RECORDS Start Marker

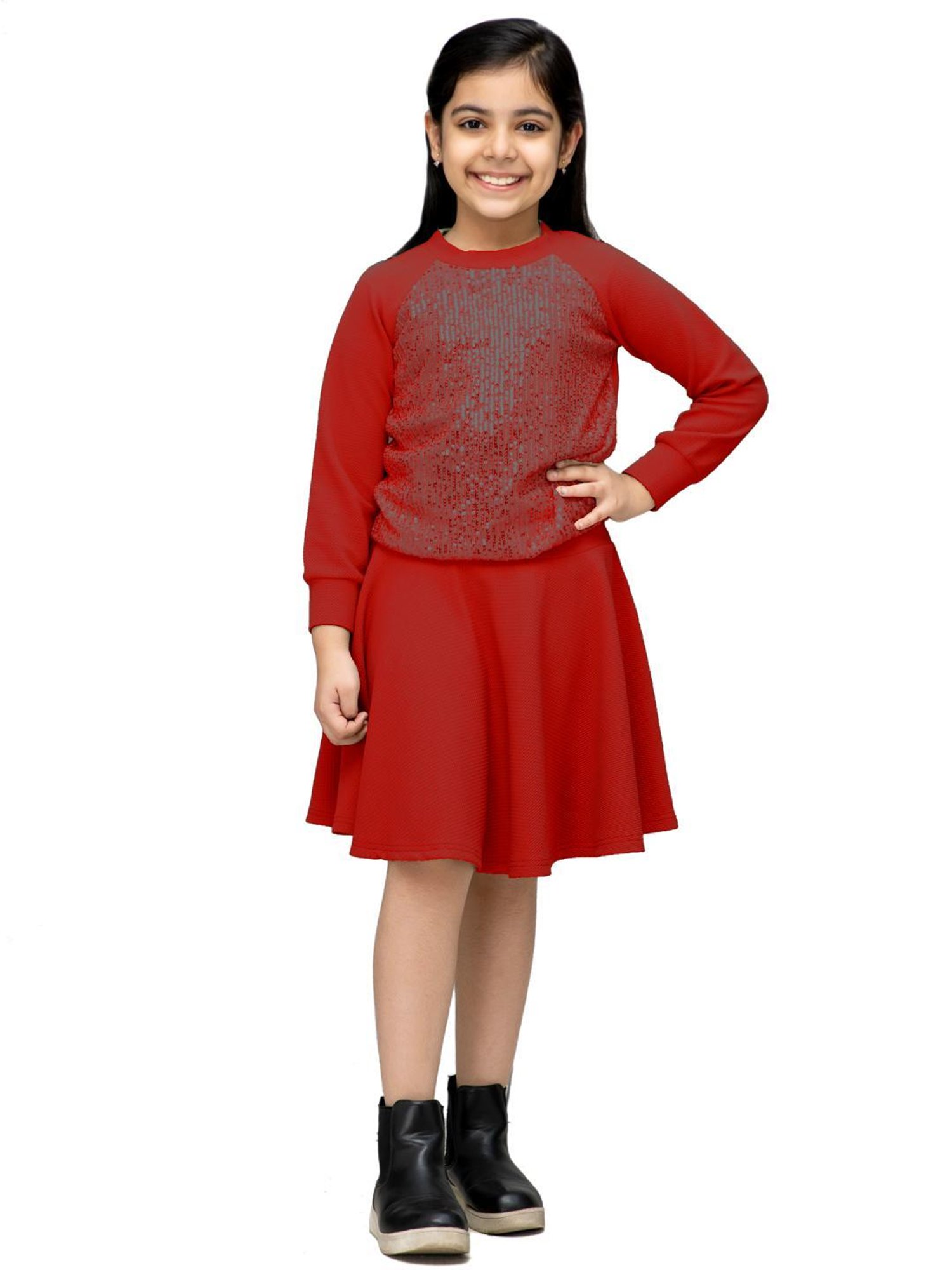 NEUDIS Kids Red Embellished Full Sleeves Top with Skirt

RECORDS End Marker
RECORDS Start Marker

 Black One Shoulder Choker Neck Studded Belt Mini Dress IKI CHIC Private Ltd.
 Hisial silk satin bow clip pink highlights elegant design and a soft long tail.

RECORDS End Marker

**WHAT TO WORK ON:**
Reproducing the whole listing above is not the task. Copy exactly only the lines from the one with "Black One Shoulder" to the one with "Hisial silk satin", both kept.

**EXERCISE SOLUTION:**
 Black One Shoulder Choker Neck Studded Belt Mini Dress IKI CHIC Private Ltd.
 Hisial silk satin bow clip pink highlights elegant design and a soft long tail.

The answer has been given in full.